When I entered the shop I triggered some ghastly buzzer, which made me jump like a deranged woman. My elegant posture vanished and my cheeks fell. The noise was similar to what I’d set off the day before when I walked underneath one of those security arches at the island’s main airport. Instead of wishing me a lovely holiday, the guards had got all excited about my innocent buckles and a coin lost in loose stitching. Another ear-splitting buzzer was the last thing I needed.
The elderly shopkeeper sitting inside didn’t look up, though. Madam stayed focused on some ears of corn she was dehusking with a small knife. I use the word madam, but she could very well have been a man. The dry, chubby hands were definitely masculine, and so too was the grimy woollen hat. I would’ve said mister if it hadn’t been for the stockings and red, pointy shoes.
The lady should’ve been happy, no? No one for kilometres, and then there I was, stumbling into her dingy shack. I mean, you wouldn’t exactly call it a shop. Don’t make me laugh.
‘Those dresses hanging up outside,’ I said.
‘Not for you, dear.’ She ripped the hair and skin off another poor cob, still not wanting to see my face.
‘Not for me? I’m sorry?’
‘They’re for other women.’ She kicked the pot of naked corn in front of her.
Had she wanted to force the cobs to the bottom to make more room? Or had the lashing out been a warning? ‘The white dresses outside,’ I said more forcefully.

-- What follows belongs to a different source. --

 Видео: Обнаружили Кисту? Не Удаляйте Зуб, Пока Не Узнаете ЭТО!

‘Sorry, my love, but you’re not going to be wearing one of those.’ This time she looked up, pulling off her hat. Yes, a man’s face. Eyes almost bleeding. Short, scruffy grey hair. Skin that resembled pastry. A man! Except for those shoes and stockings, and a dress made of dark velvet.
‘Well, no one else is wearing them,’ I said. A dim bulb crackled overhead, swinging from what seemed to be shoelaces tied together. ‘I have American dollars. I presume yours is a business that relies on profits?’

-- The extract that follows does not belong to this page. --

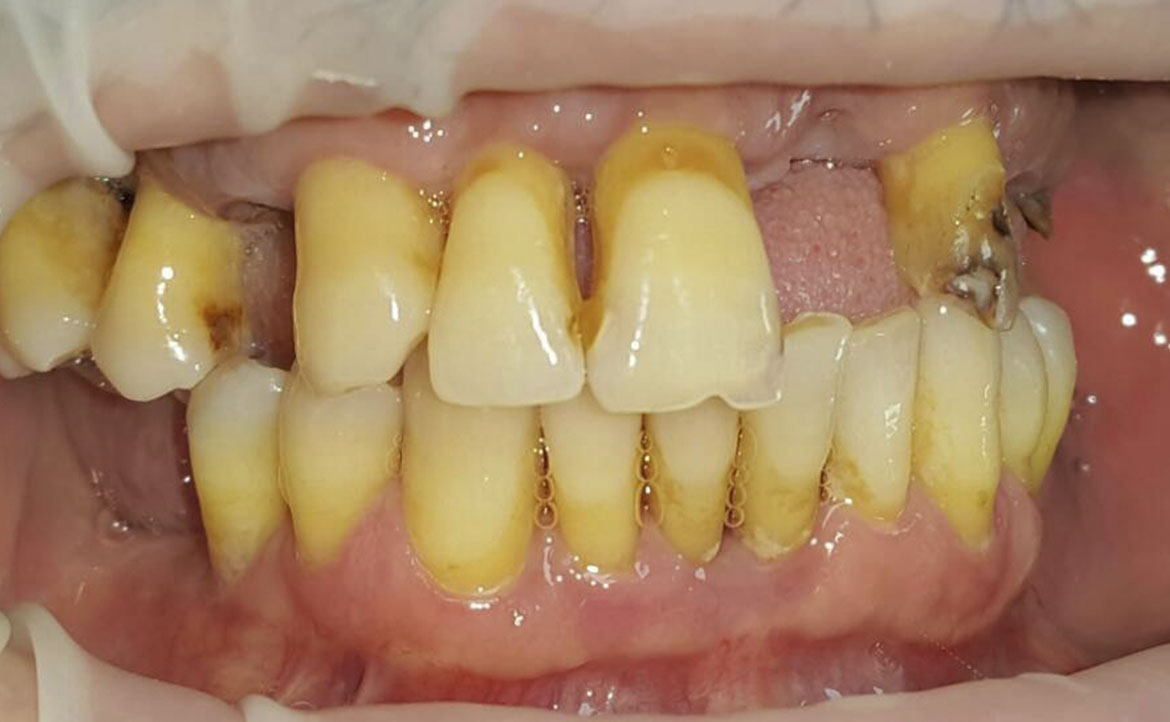 Fast and Fixed teeth before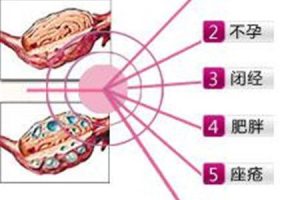 多囊卵巢综合征，说白了就是一碗猪杂汤！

‘It’s not about money, dear. I just didn’t make a dress for someone like you.’
‘Well, of course you didn’t! I wouldn’t expect to find something made to order.’
She laughed and shook her head, the knife looking dangerous in her hand. ‘Don’t get angry. It’s not good for you.’
‘I could just try one on, madam. It’ll take just two minutes.’ I did feel angry. I thought these island traders were the ones who had to hustle. If I hadn’t had my heart set on the dress with the fine lacework around the middle, I would’ve stamped my way out of there, slamming her cardboard door behind me.
‘We have one for a woman who will fall in love,’ she said, her eyes now fixed on the ceiling. ‘There’s another one for a woman who will fall pregnant. Then there’s one for a woman who will love another woman.’ She looked sideways at me. ‘There’s also one for a woman who will leave her husband. Plus there’s one for a woman who will make a lot of money.’
‘Eh? Come again? How on earth do you know I’m not one of those women?’ The knife changed hands, slitting the neck of another innocent cob. I stepped back away from the bulb, over towards a dusty counter, and almost fell over a box full of colourful beach umbrellas. ‘You’re not making any sense.’
‘You’re just not one of those women, my love. They told me when you came in. You need a different dress. But I haven’t anything right now. I don’t know what they want me to make yet. Next week.’ She kicked the pot again and then gave it a couple of shakes with both hands.
One of the white dresses moved in front of the window outside, puffed up by the sea breeze. Thin rays of sunlight came through the decorative bits.
The old woman stood up and brushed bits of corn silk and leaves from her dress. ‘Come back next week if you want, dear. But remember that they choose you. You don’t choose them.’
‘What a load of nonsense.’ I laughed, but the sound seemed to be much lower than usual, like something had altered my voice. I put my hand up to my throat.
‘If you want a dress that chooses you, that could bring you something, come back. Maybe it will offer you the very thing you want.’
I marched to the door and then spun around to face her. ‘Oh, I don’t think so. I haven’t heard anything so crazy in my entire life. Dresses that won’t be chosen? Dresses that pick out women and then change their lives? How utterly ridiculous!’
The shopkeeper lifted up the pot without any effort and placed it on a table. She smiled. ‘Take care of yourself, dear.’
Out in the street, I found my husband stroking one of the dresses. ‘So, which one did you choose?’ he asked.
I got closer and saw he'd taken a hold of the one with the lacework around the middle. ‘Nothing,’ I said. ‘Let’s go.’
He didn’t release his grip on the dress, though. He held it out to me, grinning like a child. ‘It’s funny, but I’ve just had a strange vision of you in this one. Barefoot and pregnant. In a field of corn.’